Small satellites came first, but smallsat launcher startups are moving rapidly to provide a more cost-effective and convenient route to low Earth orbit than a piggyback ride on one of the industry’s big boosters. Rocket Lab’s Electron has flown, Virgin Orbit wants to air-launch its LauncherOne by summer’s end, and Vector launch hopes to make its first orbital flight from Kodiak, Alaska, toward the end of 2018. Building on this commercial activity, DARPA is offering a $10 million top prize for launching two payloads from two locations, with only days’ notice, in a competitive challenge to be staged late in 2019.

Large-Part Printing

Aerospace has faced two key challenges in embracing additive manufacturing. The first has been moving to high-strength metal from low-strength polymer parts and is well underway, with 3D-printed titanium components flying on Airbus and Boeing aircraft.
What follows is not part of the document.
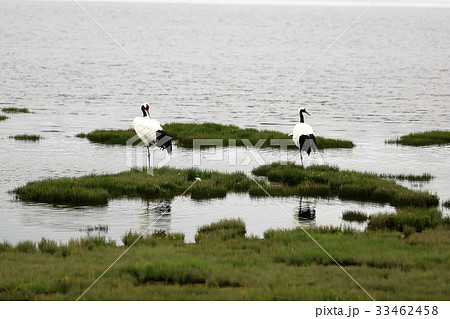 タンチョウ 33462458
The second is moving from the small parts that can be produced today to the large components used in aircraft structures, and is beginning. The next challenge is in reimagining how components can be engineered, which requires new tools and new thinking by designers. And what lies ahead? Additively manufactured fiber-reinforced composites and 3D printing space already are advancing.

Robots on the Move

Robots are used routinely in aircraft assembly, bringing speed and repeatability to the drilling and fastening of large structures. But such machines are inflexible, immovable monuments designed to perform one task on one aircraft type or family. A glimpse of a possible automated future is provided by demonstrations of “cobots,” smaller robots that work alongside humans on complex assemblies, or German research institute Fraunhofer’s mobile robot, which can move itself around the factory floor to precision-machine aircraft structures where they stand.

AI Inside

Autonomy and artificial intelligence (AI) are set to become as essential to aviation as aerodynamics and propulsion. AI is taking root on the ground, where machine learning is being applied to extracting knowledge from data, but competition for bandwidth means AI will have to take flight and move from the data center to the aircraft—to be co-located with the sensors collecting the data being analyzed and used. Edge computing—low-power supercomputers on chips—and massive onboard data storage also will be key enablers for increasingly autonomous flight and mission capabilities.